From the records below, transcribe only the lines running from the one with "Blue Sky Cabin" through the one with "Sonnellino In Maremma". Keep both of those end lines.

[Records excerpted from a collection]
◆ ◆ ◆ ◆

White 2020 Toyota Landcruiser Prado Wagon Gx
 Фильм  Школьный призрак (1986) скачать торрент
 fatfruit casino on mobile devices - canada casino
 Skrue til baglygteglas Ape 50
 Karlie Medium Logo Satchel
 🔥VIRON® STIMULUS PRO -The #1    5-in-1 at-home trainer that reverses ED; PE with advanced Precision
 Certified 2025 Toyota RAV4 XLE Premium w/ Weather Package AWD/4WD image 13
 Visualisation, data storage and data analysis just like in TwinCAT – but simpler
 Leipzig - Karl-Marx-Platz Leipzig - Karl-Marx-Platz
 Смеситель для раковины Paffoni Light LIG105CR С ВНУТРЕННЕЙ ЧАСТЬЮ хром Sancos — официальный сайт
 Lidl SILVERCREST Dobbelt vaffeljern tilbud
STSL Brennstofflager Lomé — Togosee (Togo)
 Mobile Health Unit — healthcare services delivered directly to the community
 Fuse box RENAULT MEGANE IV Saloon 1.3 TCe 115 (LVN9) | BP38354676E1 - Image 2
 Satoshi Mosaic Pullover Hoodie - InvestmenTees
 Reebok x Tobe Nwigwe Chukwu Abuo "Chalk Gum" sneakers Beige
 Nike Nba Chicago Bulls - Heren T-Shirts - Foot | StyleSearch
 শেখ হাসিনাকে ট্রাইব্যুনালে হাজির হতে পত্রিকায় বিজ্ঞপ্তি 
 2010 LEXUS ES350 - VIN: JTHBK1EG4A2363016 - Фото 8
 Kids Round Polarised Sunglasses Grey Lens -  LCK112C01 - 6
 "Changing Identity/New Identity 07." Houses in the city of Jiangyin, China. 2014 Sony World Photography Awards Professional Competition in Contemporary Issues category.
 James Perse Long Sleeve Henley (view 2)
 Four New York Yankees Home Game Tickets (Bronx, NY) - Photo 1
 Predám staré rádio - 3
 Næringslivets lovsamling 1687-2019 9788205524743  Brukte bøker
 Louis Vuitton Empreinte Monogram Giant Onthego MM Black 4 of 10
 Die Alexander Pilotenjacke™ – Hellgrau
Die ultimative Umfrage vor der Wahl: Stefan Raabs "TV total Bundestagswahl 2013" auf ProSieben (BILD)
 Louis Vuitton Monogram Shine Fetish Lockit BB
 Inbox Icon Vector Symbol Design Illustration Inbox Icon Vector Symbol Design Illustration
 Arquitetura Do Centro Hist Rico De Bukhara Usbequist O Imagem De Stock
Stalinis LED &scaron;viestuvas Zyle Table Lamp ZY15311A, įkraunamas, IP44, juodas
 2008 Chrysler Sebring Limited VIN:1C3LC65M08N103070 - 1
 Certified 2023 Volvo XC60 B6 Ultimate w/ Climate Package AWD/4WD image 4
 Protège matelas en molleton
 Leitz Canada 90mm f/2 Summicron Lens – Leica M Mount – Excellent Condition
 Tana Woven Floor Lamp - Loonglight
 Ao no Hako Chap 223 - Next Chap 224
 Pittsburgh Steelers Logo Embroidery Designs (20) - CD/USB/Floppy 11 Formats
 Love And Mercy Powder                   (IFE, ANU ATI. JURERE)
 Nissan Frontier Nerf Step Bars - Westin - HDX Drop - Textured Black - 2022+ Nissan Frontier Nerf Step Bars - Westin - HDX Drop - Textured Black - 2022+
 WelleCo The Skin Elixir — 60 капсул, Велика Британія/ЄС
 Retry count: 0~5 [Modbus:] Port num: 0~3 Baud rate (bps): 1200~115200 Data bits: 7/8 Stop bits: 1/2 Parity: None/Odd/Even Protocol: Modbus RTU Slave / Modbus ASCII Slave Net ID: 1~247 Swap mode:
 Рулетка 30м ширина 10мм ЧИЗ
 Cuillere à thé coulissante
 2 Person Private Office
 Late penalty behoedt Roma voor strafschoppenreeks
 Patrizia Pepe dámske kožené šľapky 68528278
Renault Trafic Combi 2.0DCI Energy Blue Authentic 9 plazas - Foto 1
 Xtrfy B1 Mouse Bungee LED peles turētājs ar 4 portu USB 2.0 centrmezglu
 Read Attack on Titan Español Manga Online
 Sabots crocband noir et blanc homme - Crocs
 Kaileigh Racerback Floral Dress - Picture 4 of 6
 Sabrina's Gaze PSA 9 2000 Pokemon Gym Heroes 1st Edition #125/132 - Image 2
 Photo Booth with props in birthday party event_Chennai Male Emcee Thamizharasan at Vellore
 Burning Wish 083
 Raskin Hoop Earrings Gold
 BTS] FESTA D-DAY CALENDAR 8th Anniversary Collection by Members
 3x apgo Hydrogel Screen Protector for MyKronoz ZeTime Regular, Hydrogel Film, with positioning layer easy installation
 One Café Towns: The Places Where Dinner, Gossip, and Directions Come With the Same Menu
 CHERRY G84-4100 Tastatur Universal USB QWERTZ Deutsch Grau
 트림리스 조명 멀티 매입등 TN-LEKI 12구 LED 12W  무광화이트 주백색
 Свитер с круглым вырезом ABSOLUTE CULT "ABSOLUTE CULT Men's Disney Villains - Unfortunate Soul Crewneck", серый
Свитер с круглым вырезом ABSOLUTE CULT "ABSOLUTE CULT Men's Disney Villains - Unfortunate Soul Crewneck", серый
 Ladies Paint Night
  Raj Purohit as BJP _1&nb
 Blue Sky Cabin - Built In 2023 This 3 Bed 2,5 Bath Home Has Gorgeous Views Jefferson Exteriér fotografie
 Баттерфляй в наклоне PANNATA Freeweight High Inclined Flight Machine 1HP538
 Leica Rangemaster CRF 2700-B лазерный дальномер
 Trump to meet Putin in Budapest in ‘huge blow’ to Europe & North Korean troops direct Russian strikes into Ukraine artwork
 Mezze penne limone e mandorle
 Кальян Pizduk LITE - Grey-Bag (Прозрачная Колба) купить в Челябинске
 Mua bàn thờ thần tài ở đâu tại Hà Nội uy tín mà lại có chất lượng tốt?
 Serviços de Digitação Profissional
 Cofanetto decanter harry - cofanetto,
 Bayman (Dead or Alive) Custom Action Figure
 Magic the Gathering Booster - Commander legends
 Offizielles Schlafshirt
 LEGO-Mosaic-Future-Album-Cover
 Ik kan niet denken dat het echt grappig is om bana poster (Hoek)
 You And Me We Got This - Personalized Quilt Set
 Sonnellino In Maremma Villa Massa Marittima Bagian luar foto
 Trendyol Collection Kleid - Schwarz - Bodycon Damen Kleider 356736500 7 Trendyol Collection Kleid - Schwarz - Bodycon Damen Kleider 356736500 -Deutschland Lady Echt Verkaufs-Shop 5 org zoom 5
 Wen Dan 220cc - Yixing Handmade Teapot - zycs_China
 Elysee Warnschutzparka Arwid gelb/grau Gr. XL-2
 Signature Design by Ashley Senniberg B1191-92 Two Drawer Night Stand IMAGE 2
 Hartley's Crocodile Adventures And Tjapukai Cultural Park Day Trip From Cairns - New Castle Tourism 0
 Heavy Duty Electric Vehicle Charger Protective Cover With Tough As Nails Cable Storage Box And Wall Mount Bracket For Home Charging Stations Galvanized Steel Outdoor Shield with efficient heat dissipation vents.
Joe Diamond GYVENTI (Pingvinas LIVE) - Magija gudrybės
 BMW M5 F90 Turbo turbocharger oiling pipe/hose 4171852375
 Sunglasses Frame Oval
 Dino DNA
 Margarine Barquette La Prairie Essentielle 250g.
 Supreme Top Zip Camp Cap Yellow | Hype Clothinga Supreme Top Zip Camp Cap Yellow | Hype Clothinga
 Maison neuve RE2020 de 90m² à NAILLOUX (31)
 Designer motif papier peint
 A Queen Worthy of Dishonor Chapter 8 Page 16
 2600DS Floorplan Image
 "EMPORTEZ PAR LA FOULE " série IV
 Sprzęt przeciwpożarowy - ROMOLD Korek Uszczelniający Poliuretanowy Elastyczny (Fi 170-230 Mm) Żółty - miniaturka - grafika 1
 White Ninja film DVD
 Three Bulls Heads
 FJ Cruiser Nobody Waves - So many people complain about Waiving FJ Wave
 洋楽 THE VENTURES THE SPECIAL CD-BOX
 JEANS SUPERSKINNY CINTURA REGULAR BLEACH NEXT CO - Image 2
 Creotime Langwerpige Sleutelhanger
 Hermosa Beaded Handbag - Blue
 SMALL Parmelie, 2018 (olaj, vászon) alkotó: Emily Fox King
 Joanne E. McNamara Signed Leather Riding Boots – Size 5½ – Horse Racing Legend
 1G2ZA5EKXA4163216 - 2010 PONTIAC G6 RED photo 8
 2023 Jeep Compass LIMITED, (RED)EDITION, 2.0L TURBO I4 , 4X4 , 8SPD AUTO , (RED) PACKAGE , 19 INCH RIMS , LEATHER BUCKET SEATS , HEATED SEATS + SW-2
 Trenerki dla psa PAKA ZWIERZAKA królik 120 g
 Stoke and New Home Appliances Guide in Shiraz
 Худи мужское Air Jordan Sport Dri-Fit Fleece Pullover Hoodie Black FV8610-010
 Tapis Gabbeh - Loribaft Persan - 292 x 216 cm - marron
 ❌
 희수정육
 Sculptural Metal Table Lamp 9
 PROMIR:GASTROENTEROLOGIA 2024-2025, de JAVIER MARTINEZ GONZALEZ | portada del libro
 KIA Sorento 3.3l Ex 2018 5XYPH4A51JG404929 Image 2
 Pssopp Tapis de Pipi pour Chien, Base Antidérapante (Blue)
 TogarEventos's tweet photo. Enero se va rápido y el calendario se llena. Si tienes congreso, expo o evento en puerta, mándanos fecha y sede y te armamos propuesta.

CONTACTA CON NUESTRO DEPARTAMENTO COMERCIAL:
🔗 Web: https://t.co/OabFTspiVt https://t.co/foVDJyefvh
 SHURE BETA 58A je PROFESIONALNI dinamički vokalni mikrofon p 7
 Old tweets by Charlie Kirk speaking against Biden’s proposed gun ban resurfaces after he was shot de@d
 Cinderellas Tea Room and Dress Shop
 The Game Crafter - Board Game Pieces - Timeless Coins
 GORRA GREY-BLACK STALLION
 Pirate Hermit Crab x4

◆ ◆ ◆ ◆

◆ **TASK ANSWER**
 Blue Sky Cabin - Built In 2023 This 3 Bed 2,5 Bath Home Has Gorgeous Views Jefferson Exteriér fotografie
 Баттерфляй в наклоне PANNATA Freeweight High Inclined Flight Machine 1HP538
 Leica Rangemaster CRF 2700-B лазерный дальномер
 Trump to meet Putin in Budapest in ‘huge blow’ to Europe & North Korean troops direct Russian strikes into Ukraine artwork
 Mezze penne limone e mandorle
 Кальян Pizduk LITE - Grey-Bag (Прозрачная Колба) купить в Челябинске
 Mua bàn thờ thần tài ở đâu tại Hà Nội uy tín mà lại có chất lượng tốt?
 Serviços de Digitação Profissional
 Cofanetto decanter harry - cofanetto,
 Bayman (Dead or Alive) Custom Action Figure
 Magic the Gathering Booster - Commander legends
 Offizielles Schlafshirt
 LEGO-Mosaic-Future-Album-Cover
 Ik kan niet denken dat het echt grappig is om bana poster (Hoek)
 You And Me We Got This - Personalized Quilt Set
 Sonnellino In Maremma Villa Massa Marittima Bagian luar foto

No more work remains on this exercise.